Während der Fahrt zu seinem ersten Besuch bei Botho Strauß liest er aus dessen Roman Die Fehler des Kopisten eine Haus- und Landschaftsbeschreibung, die wie der reale Ort wirkt, auf den er zusteuert. Theisohn fürchtet, diese Lektüre überlagere von nun an seinen Blick auf die Wirklichkeit. Bei Apfelmost beginnt das Gespräch. Es geht ums Theater (»nicht Bitterkeit, eher leises Bedauern bestimmt den Ton«), Luc Bondy, das Nachlassen der Kräfte bei den Dramatikern ab einem gewissen Alter. Beim Spaziergang ein leichter Schwindel, »literarische Vergiftung« nennt Theisohn diesen, seinen Zustand. Ein sicheres Zeichen, dass es sich um einen Leser handelt. Nein, hier ist keiner am Werk, der einen seltenen Skalp aufspießen möchte. Immer weiter geht es tastend durchs »Wortgehölz«. Man liest gebannt. Wochen (oder sind es Monate?) später, beim zweiten Gespräch, ist man vertrauter und kann schon mal miteinander Schweigen. Und beim Abendessen stellt man sich Rätsel. Strauß erzählt, Henry James’ Der Wunderbrunnen zu lesen. Tags darauf der Abschied; der Dichter geht zur Arbeit an den Fahnen zum Schattengetuschel.

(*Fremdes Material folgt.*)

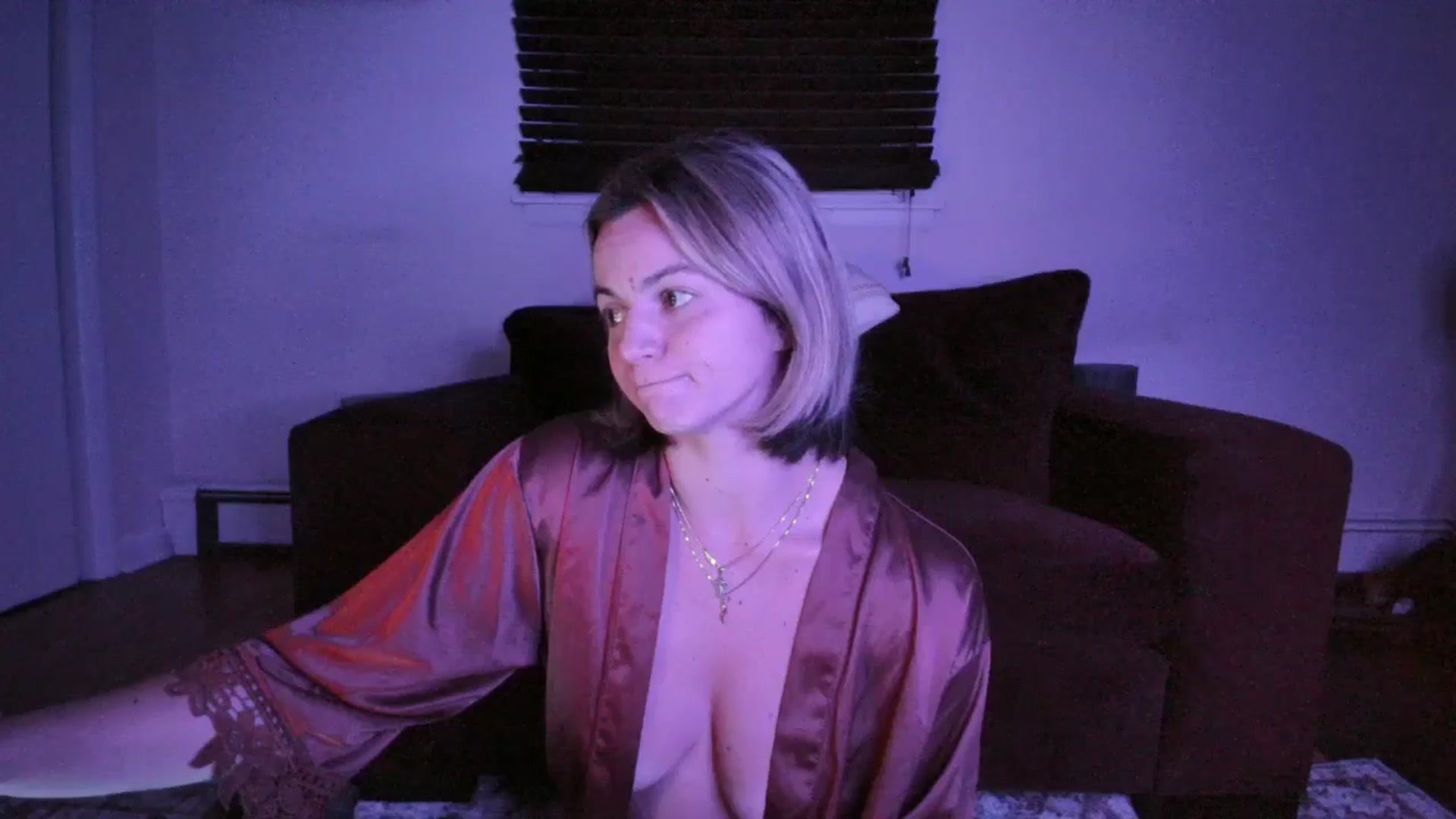 Gallery image thumbnail from Billie_Rhodes's myfreecams stream on, 10/06/2024, 24:23 image 17 of 20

Man könnte einiges einwenden, etwa, warum die Strauß-Bücher der letzten Jahre, diese kleine und kleinste szenische Prosa, die sich zeitweise bis hin zum Aphorismus kondensiert, nicht berücksichtigt wird. Ob es sich hier vielleicht um einen Ersatz zum großen Drama handelt? Und was hat es wirklich mit Strauß’ nahezu notorischer Verachtung der zeitgenössischen Kommunikation auf sich? Jüngst setzt er das Wort nur mehr in Anführungszeichen. Aber das wäre zu kurz gegriffen. Schließlich hat Theisohn ein fast privates Buch über seine Leseexkursionen aus dem Botho-Strauß-Kosmos vorgelegt. Ein Buch ohne Vollständigkeitswahn, ohne Germanisten-Gehabe, suchend, tastend. Man holt seine Strauß-Bücher wieder hervor, ordert andere, die man bisher nicht gelesen hatte. »Es fühle sich so an«, sagt Theisohn Frank Witzel, als sei Strauß in seinem Denken und er müsse herausfinden, warum. Ich kenne das.
Es sind anregende »Begegnungen in einer anderen Zeit« (so der Untertitel), die Philipp Theisohn dem Leser bietet. Jeder, der sich für Botho Strauß interessiert, wird es mit Gewinn lesen.